Amis, Citoyens, Camarades,
La Fédération nationale de la Libre Pensée
se réjouit du succès de ce rassemblement laïque
européen qui est inédit à cette échelle.
Nous tenons à remercier tous ceux qui sont venus des quatre
horizons de l’Europe et aussi tous ceux viennent des différents
points de notre hexagone et qui ont voyagé des heures pour
marquer leur volonté de travailler en commun pour le triomphe
de la laïcité en Europe.
31 associations de 13 pays apportent leur concours
aujourd’hui pour empêcher que la roue de l’Histoire
tourne à l’envers. Nous ne parlons pas tous la même
langue. Nous n’avons pas tous la même histoire. Nos
actions peuvent être différentes, selon que l’on
soit libre penseur, humaniste, rationaliste ou simplement laïque.

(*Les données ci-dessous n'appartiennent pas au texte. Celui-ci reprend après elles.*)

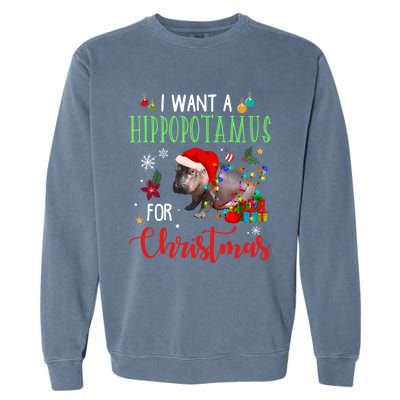 I Want A Hippopotamus For Christmas Hippo Fiona Cool Gift Garment-Dyed Sweatshirt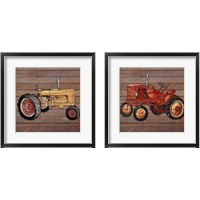 Framed 'Tractor on Wood 2 Piece Framed Art Print Set' border=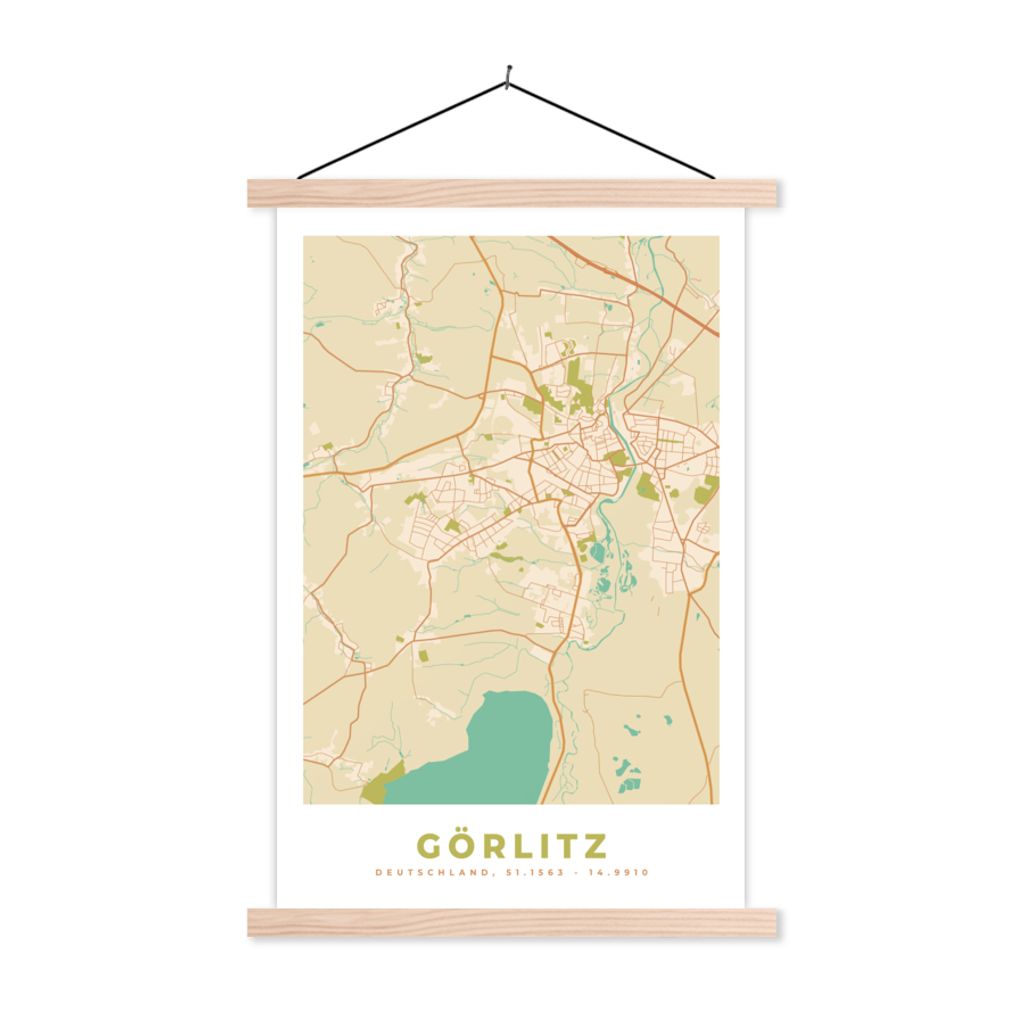 MuchoWow Textilposter Görlitz - Karte - Vintage - Stadtplan 120x180 cm mit holzfarbenen Rahmen - Textil-Plakat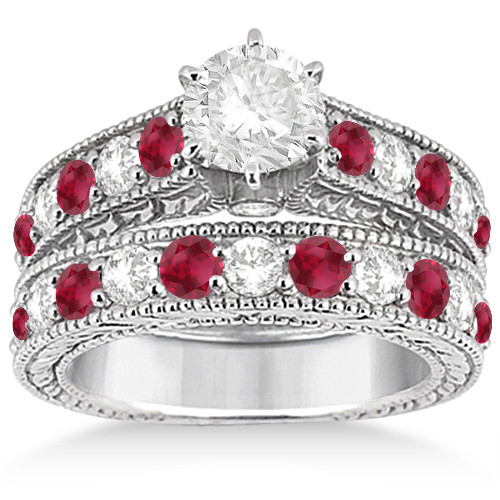 Ruby Wedding Ring Sets
 Antique Diamond & Ruby Wedding & Engagement Ring Set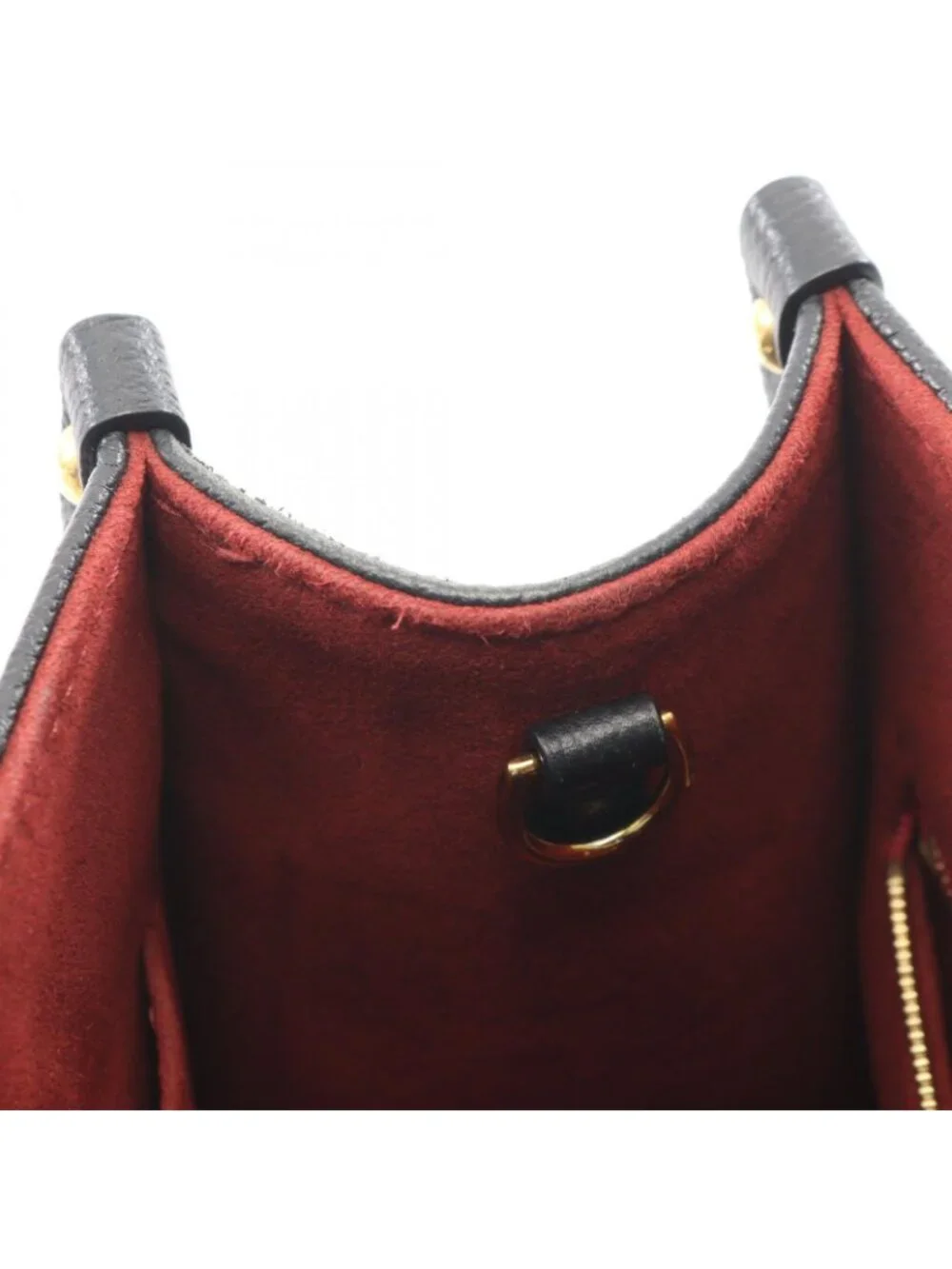 Louis Vuitton Handbag On The Go PM Bicolor 2-Way Black Beige Leather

Mais tous, nous voulons le triomphe absolu de la
liberté de conscience. Tous, nous voulons que l’homme
soit enfin libre dans des sociétés débarrassées
de l’obscurantisme et des oppressions. Tous, nous refusons
que les êtres humains continuent de plier sous le fardeau
des cléricalismes et des fanatismes religieux.
Notre combat commun s’appelle émancipation
humaine, notre outil est partout la séparation des Eglises
et des Etats, notre but est la liberté de conscience garantie
par la laïcité.
Ce que nous revendiquons dans notre pays, dans
tous les pays et sur tous les continents : c’est la marche
en avant de l’Humanité vers la pleine lumière
de la liberté commune. Ce nous voulons, c’est que les
peuples brisent à tout jamais leurs chaînes, toutes
leurs chaînes, religieuses, économiques, politiques
et ethniques.
La National Secular Society d’Angleterre
et la Libre Pensée française, qui sont les organisations
historiques constitutives de l’Internationale de la Libre
Pensée, ont pris l’initiative de lancer un appel à
tous les partisans de la laïcité en Europe pour qu’ensemble
nous nous opposions au projet néfaste et réactionnaire
de l’Article 51 de la Constitution européenne.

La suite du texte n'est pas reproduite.